What kind of gaslighting is this? Drawing a viewer’s attention to something is one thing; making them feel an uneasiness in their bones is another entirely. The director of Astrakan is David Depesseville (frankly just a touch too close to Depressville for comfort). Astrakhan is his first film and suggests something of a stylistic calling card, not least at film’s close: a late flurry of exposition and offcuts that are less in service of plot or character or even mood and more an artist showing what else they can do. It’s not entirely a turn-off.
Astrakan stars the young Mirko Gianinni as an abandoned boy taken in by the not-entirely-indecent Maria (really) and her rather less-decent husband, Clemént (Jenny Beth and Bastien Bouillon, respectively), a pathetic sort liable to crack the belt from time to time.
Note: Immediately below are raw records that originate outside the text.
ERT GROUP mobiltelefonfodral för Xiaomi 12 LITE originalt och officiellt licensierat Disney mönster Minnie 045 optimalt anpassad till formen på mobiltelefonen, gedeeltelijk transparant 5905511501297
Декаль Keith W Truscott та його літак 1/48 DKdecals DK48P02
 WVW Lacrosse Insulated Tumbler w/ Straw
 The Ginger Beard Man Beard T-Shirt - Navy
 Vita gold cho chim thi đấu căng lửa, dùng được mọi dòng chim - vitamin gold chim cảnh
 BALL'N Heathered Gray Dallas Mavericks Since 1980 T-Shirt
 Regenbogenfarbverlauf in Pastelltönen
The man with the berries is Maria’s younger brother, a stunted male in his late 20s who lives down the road from their remote farmhouse; whose room is still wallpapered with images of motorcycles; who makes suggestive advances at Samuel; and who may be doing worse still with another of Maria’s strays. Any time the boys act out, Maria grows weary before conceding she must stick it out, lest she lose the state benefits that have been keeping her and Clemént afloat. Love, as it were, is in short supply, until a sweet and hilariously hormonal girl (Lorine Delin) from Samuel’s class begins calling around.
In press notes Depessville references Maurice Pialat’s Naked Childhood, another story about a troubled boy in troubling foster care from a year when France’s youth were set to revolt en masse. Depessville’s update has style to go with the realism: surreal flourishes, dream sequences, and a vaguely cursed pastoral mise-en-scène courtesy DP Simon Beaufils. One of the plot’s leitmotifs concerns Samuel’s inability or unwillingness to defecate, which causes Maria no shortage of consternation. Another shows Samuel training for a gymnastics competition, a hobby in which he seems to take great pride. In the best sequence, Samuel and two other boys hop on a boat that immediately becomes untethered, floating downstream. Depessville lines these precipices in a row, allowing his protagonist to glance into the abyss. At its very best, Astrakan is a gripping, impressionist rendering of the raw precariousness of youth.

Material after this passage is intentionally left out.